Required action
First find the line with "Apartma Split in" in the entries below, then set down exactly every line through the line with "325px-Tara_thangka", that line included.

[Opening Data for review section]

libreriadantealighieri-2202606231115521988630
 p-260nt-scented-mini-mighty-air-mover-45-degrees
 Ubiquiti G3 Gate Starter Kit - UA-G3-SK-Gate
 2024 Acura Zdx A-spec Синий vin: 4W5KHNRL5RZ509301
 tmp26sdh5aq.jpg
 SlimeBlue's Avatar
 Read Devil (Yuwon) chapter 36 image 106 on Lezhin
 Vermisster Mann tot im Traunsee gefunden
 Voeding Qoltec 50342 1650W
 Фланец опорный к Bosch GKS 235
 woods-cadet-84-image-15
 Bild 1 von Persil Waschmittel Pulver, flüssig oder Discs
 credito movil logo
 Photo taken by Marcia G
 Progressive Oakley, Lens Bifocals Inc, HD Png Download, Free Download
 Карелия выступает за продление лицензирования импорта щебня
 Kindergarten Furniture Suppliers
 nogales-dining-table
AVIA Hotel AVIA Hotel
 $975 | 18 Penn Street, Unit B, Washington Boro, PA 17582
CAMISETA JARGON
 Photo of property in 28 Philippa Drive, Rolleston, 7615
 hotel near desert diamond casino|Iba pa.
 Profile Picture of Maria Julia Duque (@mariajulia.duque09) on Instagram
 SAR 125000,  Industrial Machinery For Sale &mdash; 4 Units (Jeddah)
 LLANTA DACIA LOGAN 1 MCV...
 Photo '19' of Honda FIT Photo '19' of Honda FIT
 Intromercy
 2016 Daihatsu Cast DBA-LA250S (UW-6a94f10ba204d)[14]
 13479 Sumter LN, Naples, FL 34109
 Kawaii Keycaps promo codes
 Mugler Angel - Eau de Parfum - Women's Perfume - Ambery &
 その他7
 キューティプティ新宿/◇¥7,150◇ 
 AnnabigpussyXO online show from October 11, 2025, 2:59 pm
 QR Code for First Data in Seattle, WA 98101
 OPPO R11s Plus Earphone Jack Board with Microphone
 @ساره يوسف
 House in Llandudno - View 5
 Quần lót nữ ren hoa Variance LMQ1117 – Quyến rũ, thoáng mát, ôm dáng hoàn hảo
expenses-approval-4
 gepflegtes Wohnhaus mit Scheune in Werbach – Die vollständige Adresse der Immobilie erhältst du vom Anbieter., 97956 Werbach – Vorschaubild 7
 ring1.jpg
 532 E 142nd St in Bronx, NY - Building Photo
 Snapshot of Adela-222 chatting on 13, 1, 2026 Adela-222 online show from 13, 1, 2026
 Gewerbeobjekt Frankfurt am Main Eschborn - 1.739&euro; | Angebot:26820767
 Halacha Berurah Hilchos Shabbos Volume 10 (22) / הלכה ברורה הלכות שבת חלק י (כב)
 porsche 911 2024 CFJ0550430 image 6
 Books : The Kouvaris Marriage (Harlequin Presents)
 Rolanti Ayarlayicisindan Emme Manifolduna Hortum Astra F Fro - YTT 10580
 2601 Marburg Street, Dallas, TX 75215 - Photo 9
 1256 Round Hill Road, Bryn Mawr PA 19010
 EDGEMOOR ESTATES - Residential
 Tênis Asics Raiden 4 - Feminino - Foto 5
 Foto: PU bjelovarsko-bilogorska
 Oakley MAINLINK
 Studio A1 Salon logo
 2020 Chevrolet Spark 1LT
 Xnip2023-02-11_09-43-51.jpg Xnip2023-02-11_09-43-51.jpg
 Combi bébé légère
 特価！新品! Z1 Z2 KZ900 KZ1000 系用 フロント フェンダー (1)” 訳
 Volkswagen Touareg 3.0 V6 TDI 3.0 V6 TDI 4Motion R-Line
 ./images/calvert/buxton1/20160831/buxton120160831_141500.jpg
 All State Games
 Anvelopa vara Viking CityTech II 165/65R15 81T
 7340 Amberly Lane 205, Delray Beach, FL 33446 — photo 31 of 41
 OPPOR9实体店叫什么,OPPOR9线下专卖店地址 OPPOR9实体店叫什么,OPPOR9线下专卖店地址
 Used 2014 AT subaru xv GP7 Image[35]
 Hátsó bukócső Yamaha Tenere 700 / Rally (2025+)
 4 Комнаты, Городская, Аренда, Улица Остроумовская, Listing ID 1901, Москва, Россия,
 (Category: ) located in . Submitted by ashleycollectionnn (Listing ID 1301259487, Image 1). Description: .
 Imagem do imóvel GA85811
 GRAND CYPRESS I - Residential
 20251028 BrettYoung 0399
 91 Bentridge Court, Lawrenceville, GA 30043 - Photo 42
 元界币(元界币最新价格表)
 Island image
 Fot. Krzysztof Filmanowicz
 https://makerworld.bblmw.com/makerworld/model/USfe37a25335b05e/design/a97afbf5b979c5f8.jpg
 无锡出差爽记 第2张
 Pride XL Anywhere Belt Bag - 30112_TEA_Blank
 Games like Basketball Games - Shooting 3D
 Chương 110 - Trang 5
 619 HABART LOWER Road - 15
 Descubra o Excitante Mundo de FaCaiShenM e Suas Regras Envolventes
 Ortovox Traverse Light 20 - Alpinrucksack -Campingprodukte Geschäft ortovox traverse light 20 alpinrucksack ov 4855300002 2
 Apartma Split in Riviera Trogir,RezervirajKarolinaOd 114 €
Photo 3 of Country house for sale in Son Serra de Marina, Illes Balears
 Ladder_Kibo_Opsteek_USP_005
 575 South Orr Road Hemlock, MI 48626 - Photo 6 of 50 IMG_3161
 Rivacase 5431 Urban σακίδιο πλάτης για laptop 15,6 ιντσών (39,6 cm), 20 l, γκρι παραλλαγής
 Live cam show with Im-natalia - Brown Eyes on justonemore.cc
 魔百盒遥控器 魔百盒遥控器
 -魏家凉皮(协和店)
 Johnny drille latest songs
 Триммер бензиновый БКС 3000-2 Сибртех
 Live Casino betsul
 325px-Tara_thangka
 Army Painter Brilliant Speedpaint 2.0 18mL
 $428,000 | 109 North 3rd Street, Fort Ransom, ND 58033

[Closing Data for review section]

Answer area
 Apartma Split in Riviera Trogir,RezervirajKarolinaOd 114 €
Photo 3 of Country house for sale in Son Serra de Marina, Illes Balears
 Ladder_Kibo_Opsteek_USP_005
 575 South Orr Road Hemlock, MI 48626 - Photo 6 of 50 IMG_3161
 Rivacase 5431 Urban σακίδιο πλάτης για laptop 15,6 ιντσών (39,6 cm), 20 l, γκρι παραλλαγής
 Live cam show with Im-natalia - Brown Eyes on justonemore.cc
 魔百盒遥控器 魔百盒遥控器
 -魏家凉皮(协和店)
 Johnny drille latest songs
 Триммер бензиновый БКС 3000-2 Сибртех
 Live Casino betsul
 325px-Tara_thangka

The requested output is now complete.